---- RECORDS FOR THIS TASK

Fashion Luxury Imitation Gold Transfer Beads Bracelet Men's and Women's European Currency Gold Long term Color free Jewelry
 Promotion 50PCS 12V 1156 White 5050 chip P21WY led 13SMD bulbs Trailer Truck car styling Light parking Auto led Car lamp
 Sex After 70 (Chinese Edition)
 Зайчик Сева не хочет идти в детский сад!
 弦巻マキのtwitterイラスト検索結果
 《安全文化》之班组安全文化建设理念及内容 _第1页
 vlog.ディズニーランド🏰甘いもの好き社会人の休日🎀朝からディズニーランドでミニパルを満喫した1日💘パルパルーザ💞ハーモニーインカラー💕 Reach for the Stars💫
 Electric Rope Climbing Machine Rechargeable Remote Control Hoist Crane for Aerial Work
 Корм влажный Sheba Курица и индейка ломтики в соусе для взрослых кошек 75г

--------

■ DIRECTIONS ■
Beginning with the line that holds "Electric Rope Climbing", copy the entries exactly to their last line, and leave out every earlier line.

■ ANSWER TO THE PROBLEM ■
 Electric Rope Climbing Machine Rechargeable Remote Control Hoist Crane for Aerial Work
 Корм влажный Sheba Курица и индейка ломтики в соусе для взрослых кошек 75г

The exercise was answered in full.